A polícia de Tóquio prendeu uma mulher de 32 anos acusada de atrapalhar as operações da Jump Characters Store, ligada à Shueisha. O caso gira em torno de produtos de Naruto e One Piece, duas das franquias mais pesadas do universo dos animes e mangás.
Segundo as reportagens, ela teria feito pedidos, mas depois cancelado. E não foi coisa pequena: o volume teria passado de 2.000 ordens entre 2024 e 2025. O detalhe mais “entregador de plot twist” é que tudo teria sido conduzido com 238 contas falsas.
238 contas, 2 mil pedidos e zero pagamento
O padrão descrito nas informações é bem específico. A acusada teria feito milhares de pedidos na loja online usando 238 contas diferentes. Depois, os pedidos eram cancelados após o envio, sem que o pagamento fosse realizado.
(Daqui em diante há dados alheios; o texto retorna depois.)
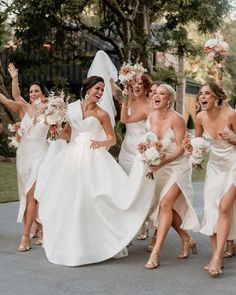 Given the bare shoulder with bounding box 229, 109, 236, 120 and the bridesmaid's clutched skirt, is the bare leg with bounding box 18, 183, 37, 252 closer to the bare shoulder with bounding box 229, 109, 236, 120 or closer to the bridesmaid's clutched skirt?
the bridesmaid's clutched skirt

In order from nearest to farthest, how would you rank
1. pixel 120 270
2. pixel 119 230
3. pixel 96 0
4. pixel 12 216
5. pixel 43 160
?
pixel 120 270 < pixel 119 230 < pixel 43 160 < pixel 12 216 < pixel 96 0

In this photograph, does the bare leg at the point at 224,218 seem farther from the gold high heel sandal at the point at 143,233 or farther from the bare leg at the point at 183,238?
the gold high heel sandal at the point at 143,233

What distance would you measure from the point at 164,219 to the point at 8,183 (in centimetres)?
884

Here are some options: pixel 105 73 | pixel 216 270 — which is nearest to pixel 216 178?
pixel 216 270

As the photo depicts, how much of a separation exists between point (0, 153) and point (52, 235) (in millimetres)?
14381

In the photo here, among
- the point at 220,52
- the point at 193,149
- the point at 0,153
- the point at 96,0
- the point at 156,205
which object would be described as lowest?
the point at 0,153

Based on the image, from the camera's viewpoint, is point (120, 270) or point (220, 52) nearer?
point (120, 270)

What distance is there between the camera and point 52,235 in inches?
266

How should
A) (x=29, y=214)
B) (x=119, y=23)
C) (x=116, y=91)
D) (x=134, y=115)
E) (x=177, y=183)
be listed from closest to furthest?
(x=177, y=183), (x=29, y=214), (x=134, y=115), (x=116, y=91), (x=119, y=23)

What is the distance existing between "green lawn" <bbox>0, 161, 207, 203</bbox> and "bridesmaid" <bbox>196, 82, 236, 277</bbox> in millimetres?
6372

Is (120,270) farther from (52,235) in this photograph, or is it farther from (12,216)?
(12,216)

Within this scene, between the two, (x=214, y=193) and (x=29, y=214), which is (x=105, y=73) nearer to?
(x=29, y=214)

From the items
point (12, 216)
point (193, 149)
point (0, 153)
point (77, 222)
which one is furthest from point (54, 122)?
point (0, 153)

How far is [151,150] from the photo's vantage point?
249 inches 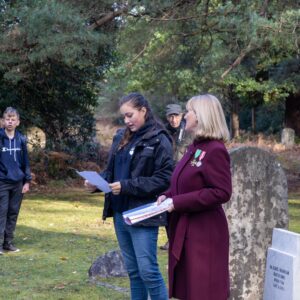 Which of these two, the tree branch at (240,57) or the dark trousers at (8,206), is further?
the tree branch at (240,57)

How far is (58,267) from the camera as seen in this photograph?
884cm

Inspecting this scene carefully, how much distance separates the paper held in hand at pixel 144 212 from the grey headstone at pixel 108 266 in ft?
9.94

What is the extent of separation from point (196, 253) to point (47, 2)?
33.0ft

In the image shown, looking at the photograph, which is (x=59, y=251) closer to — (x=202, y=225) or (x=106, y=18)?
(x=202, y=225)

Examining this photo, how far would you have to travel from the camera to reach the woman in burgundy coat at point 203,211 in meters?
4.71

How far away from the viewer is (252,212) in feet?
22.1

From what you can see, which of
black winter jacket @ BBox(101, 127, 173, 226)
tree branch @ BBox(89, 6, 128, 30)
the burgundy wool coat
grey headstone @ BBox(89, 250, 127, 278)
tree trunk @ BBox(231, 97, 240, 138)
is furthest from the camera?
tree trunk @ BBox(231, 97, 240, 138)

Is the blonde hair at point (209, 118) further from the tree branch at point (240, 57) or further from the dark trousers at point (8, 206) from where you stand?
the tree branch at point (240, 57)

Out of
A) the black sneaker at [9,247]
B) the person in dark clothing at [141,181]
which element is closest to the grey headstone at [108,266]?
the black sneaker at [9,247]

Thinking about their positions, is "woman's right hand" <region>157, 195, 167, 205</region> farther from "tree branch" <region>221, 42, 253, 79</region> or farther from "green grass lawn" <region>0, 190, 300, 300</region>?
"tree branch" <region>221, 42, 253, 79</region>

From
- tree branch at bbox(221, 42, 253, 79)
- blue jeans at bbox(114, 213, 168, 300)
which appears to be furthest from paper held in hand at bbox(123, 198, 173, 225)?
tree branch at bbox(221, 42, 253, 79)

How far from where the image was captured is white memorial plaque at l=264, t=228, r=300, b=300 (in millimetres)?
5562

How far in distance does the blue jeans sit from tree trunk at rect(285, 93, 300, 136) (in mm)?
30050

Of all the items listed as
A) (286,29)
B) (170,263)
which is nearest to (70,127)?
(286,29) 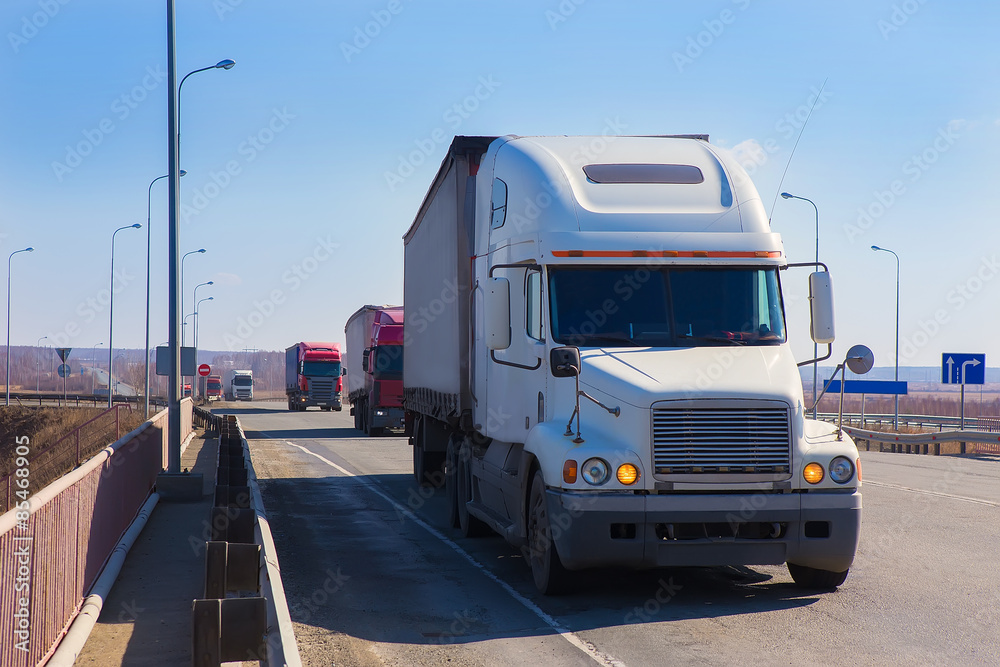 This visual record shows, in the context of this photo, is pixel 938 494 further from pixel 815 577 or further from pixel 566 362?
pixel 566 362

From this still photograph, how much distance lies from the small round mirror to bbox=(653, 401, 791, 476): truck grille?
108 centimetres

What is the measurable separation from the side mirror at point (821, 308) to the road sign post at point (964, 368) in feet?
78.5

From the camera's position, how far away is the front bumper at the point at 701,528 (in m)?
7.68

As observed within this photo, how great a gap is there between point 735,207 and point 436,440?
302 inches

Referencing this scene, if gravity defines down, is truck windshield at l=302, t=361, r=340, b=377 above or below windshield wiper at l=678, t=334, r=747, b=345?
above

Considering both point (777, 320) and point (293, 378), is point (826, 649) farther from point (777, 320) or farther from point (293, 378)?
point (293, 378)

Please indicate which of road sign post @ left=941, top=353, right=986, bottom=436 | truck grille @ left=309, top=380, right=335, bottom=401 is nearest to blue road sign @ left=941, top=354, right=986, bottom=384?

O valor total dessas compras canceladas teria ultrapassado 4,3 bilhões de ienes, o que equivale a cerca de 2,7 milhões de dólares. Traduzindo para a vida real: é o tipo de prejuízo que faz qualquer financeiro perder a paciência em 0,2 segundos.
Como esse esquema passou batido
Um ponto-chave do caso é que os pedidos teriam pagamento na entrega, uma opção que ainda existe em algumas lojas no Japão. Ou seja: a pessoa faz o pedido, o pacote chega, mas o pagamento só aconteceria ao entregador, quando a entrega fosse concluída.
As alegações indicam que a mulher teria cancelado pedidos ou permitido envios que acabassem não sendo retirados. Para quem só queria “ver o anime em mais uma prateleira”, isso vira um problema gigante. Para o sistema da loja, isso vira um ciclo caro de logística, armazenamento e tentativa de entrega.
O prejuízo para a Shueisha (e por que isso importa)
De acordo com as informações publicadas, a Shueisha teria sofrido perdas na casa de 7,5 milhões de ienes, incluindo custos de envio. No mundo geek a gente sempre fala sobre “impacto de fandom”, mas aqui o assunto é mais literal: um fluxo de pedidos fraudulentos bagunça a operação e aumenta custos.
Se você quer entender o contexto do setor editorial japonês e como essas gigantes se conectam com franquias como Naruto e One Piece, vale olhar o panorama da Shueisha. O caso reforça que, mesmo em e-commerce, o fandom não é desculpa para virar “atividade paralela” ilegal.
Você também acha que “eu só amo anime” justifica tudo?
Entre prender ou liberar, a polícia escolheu o caminho do processo. E, sinceramente, é difícil discordar. Porque o amor por anime e mangá não deveria virar um ataque ao sistema de uma loja e ao trabalho de logística de gente que só quer entregar seu merch.
Agora me diz: você acha que esse caso vai virar alerta para compras online no Japão, ou vai virar só mais um meme de internet que o mundo esquece em 3 dias?